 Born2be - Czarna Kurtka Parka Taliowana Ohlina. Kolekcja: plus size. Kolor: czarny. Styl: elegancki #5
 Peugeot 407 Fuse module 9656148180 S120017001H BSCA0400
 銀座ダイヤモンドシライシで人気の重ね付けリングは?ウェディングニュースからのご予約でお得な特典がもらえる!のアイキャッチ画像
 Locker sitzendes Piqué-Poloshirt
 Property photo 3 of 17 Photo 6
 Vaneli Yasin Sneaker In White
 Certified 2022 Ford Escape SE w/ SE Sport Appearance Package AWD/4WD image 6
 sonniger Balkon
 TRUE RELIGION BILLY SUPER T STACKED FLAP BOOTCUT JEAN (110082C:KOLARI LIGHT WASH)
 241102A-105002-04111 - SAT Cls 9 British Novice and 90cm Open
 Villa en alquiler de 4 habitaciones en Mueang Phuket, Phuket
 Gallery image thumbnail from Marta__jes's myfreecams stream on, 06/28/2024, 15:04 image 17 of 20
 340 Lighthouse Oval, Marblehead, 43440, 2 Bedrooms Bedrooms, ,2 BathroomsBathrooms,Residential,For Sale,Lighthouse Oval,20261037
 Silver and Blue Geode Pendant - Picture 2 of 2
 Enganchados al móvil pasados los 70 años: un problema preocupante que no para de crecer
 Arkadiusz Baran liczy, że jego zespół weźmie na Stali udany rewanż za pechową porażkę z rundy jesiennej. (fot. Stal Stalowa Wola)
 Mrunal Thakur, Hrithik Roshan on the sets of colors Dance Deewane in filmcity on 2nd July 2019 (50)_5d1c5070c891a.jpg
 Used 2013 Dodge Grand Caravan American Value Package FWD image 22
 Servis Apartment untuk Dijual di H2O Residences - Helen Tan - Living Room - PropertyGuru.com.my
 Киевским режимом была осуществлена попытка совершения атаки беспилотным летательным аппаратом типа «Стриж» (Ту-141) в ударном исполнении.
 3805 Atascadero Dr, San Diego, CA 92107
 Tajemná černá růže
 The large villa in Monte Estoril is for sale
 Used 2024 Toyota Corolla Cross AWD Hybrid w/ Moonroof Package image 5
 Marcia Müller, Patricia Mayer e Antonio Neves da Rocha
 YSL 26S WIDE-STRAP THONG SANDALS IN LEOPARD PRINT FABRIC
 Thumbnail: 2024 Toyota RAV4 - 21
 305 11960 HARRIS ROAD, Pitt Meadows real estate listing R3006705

★ ★ ★ ★

> EXERCISE DETAILS: Using the entries above, output exactly the lines between the line holding "Certified 2022 Ford" and the line holding "Villa en alquiler", end lines included, and nothing more.

> RESULT BELOW:
 Certified 2022 Ford Escape SE w/ SE Sport Appearance Package AWD/4WD image 6
 sonniger Balkon
 TRUE RELIGION BILLY SUPER T STACKED FLAP BOOTCUT JEAN (110082C:KOLARI LIGHT WASH)
 241102A-105002-04111 - SAT Cls 9 British Novice and 90cm Open
 Villa en alquiler de 4 habitaciones en Mueang Phuket, Phuket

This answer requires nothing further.